→ **Task**:
The required output is the exact run of lines below that opens at the line with "Cheech And Chong" and closes at the line with "永尾まりや(C)TBS".

→ **Excerpted data**:
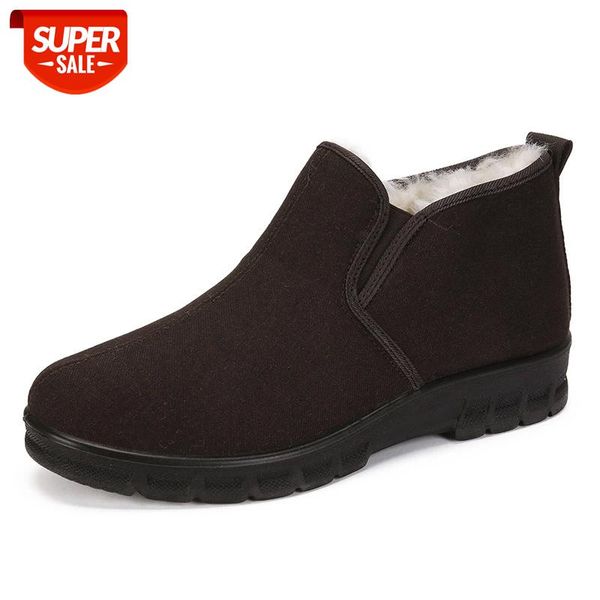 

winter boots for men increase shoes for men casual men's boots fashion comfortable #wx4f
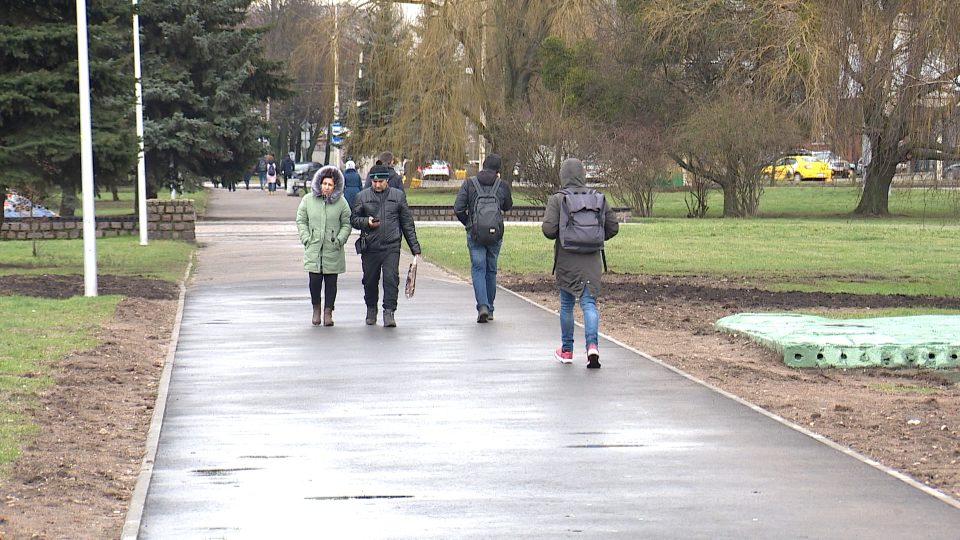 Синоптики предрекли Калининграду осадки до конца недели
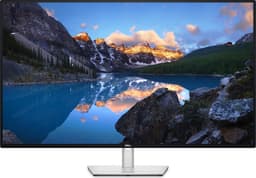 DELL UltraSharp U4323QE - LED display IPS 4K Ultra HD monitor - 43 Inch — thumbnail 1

--

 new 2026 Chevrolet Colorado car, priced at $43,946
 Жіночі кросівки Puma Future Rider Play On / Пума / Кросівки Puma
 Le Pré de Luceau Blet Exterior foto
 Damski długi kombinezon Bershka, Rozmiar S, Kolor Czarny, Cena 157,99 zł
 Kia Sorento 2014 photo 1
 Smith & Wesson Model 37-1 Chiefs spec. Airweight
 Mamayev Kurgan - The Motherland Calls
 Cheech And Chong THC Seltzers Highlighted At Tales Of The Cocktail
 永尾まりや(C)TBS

→ **Answer**:
 Cheech And Chong THC Seltzers Highlighted At Tales Of The Cocktail
 永尾まりや(C)TBS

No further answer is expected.